Note the distinction between peek() and get(). Inside a runnable, we use peek() because runnables are not reactive contexts — we just want the current value. Inside @effect and @computed, we use get() to establish tracking.

The Test

The test in TestCircuitBreaker (from test_examples.py) sets the threshold to 2 and walks through the full cycle:

# Normal operation
r = await kernel.bus.invoke("payment-svc.pay", {"amount": 10})
assert r["paid"] is True
assert svc.breaker_state() == "closed"

# Take API down — 2 failures opens the breaker
await kernel.bus.invoke("ext-api.set_health", {"healthy": False})
await kernel.bus.invoke("payment-svc.pay", {"amount": 10})
r = await kernel.bus.invoke("payment-svc.pay", {"amount": 10})
assert svc.breaker_state() == "open"

# Next call fails fast
r = await kernel.bus.invoke("payment-svc.pay", {"amount": 10})
assert r["error"] == "circuit open"

# Recover API — probe closes the breaker
await kernel.bus.invoke("ext-api.set_health", {"healthy": True})
r = await kernel.bus.invoke("payment-svc.pay", {"amount": 10})
assert r["paid"] is True
assert svc.breaker_state() == "closed"

Running It

PYTHONPATH=src python -m signalpy.examples.circuit_breaker

You will see [circuit-breaker] State: closed, then normal payments succeeding. After the API goes down, failures accumulate until State: open. Subsequent calls fail fast. When the API recovers, the next call probes (State: half-open) and on success closes the breaker. The [circuit-breaker] State: lines come from the @effect firing on each state transition — you never call it.

Production Considerations

The example demonstrates the pattern. Production implementations would extend it:

Exponential backoff for probes. The example probes on the next incoming request after the breaker opens. In production, you would add a delay that grows exponentially (1s, 2s, 4s, …) to avoid hammering a recovering service. Store the next-probe timestamp as a Signal too — an @effect could schedule the probe timer reactively.

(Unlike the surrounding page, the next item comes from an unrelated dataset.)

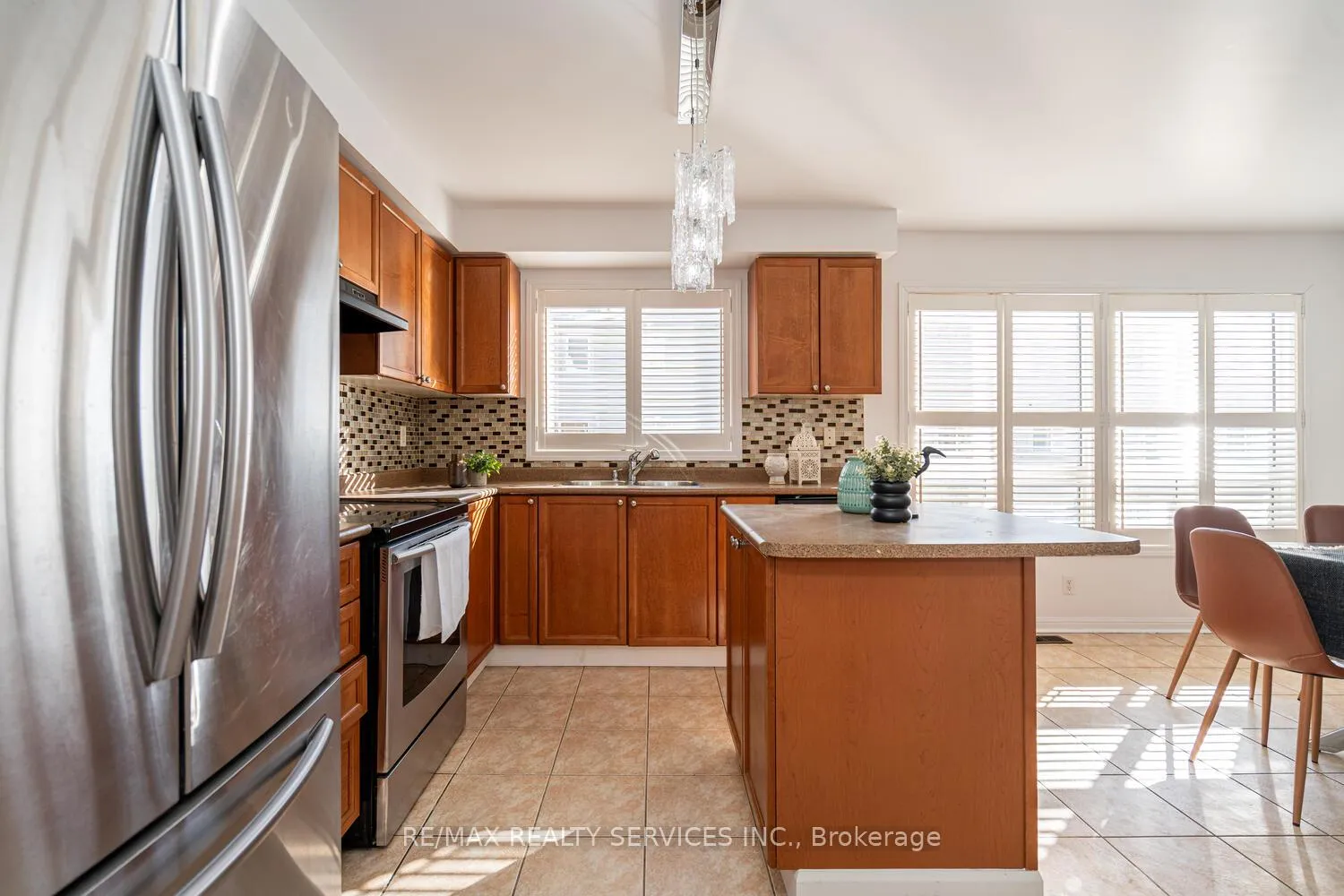 Photo 19 of 67 Decker Hollow Circle, Brampton, Credit Valley — HOMEH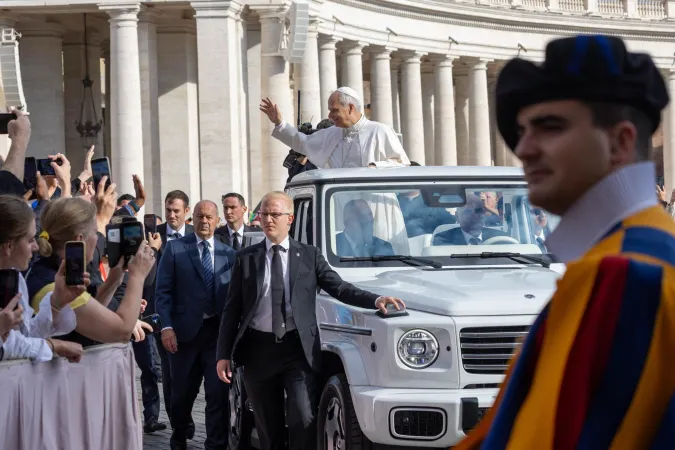 Papa Leone XIV |  | Daniel Ibanez EWTN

Per-endpoint breakers. A single external API may have multiple endpoints with different reliability profiles. Use a dict[str, Signal] of breaker states keyed by endpoint path, or instantiate multiple PaymentService instances via kernel.instantiate() with different target properties (L3 targeted).

Metrics and alerting on state transitions. The on_state_change effect is the natural hook. Replace print() with self.rt.logger.warning() or push to a metrics system. Because it is an @effect, it fires on every transition with zero additional wiring.

Sliding window vs. consecutive count. The example tracks _consecutive_failures — one success resets the counter. A sliding window (e.g., “5 failures in 60 seconds”) is more resilient to intermittent errors. Store the window as a deque of timestamps; the @computed threshold check stays the same.

Half-open concurrency. The example lets one probe through in half-open state. Production breakers often limit half-open to a single concurrent request and queue or reject the rest until the probe resolves.

Key Takeaway

Signal is not just for kernel internals. Components create their own Signals for local reactive state — Signal("closed") for breaker state, Signal(True) for API health. The same @effect and @computed machinery that tracks self.rt.config works identically on component-owned Signals. There is one reactive system, and it works everywhere.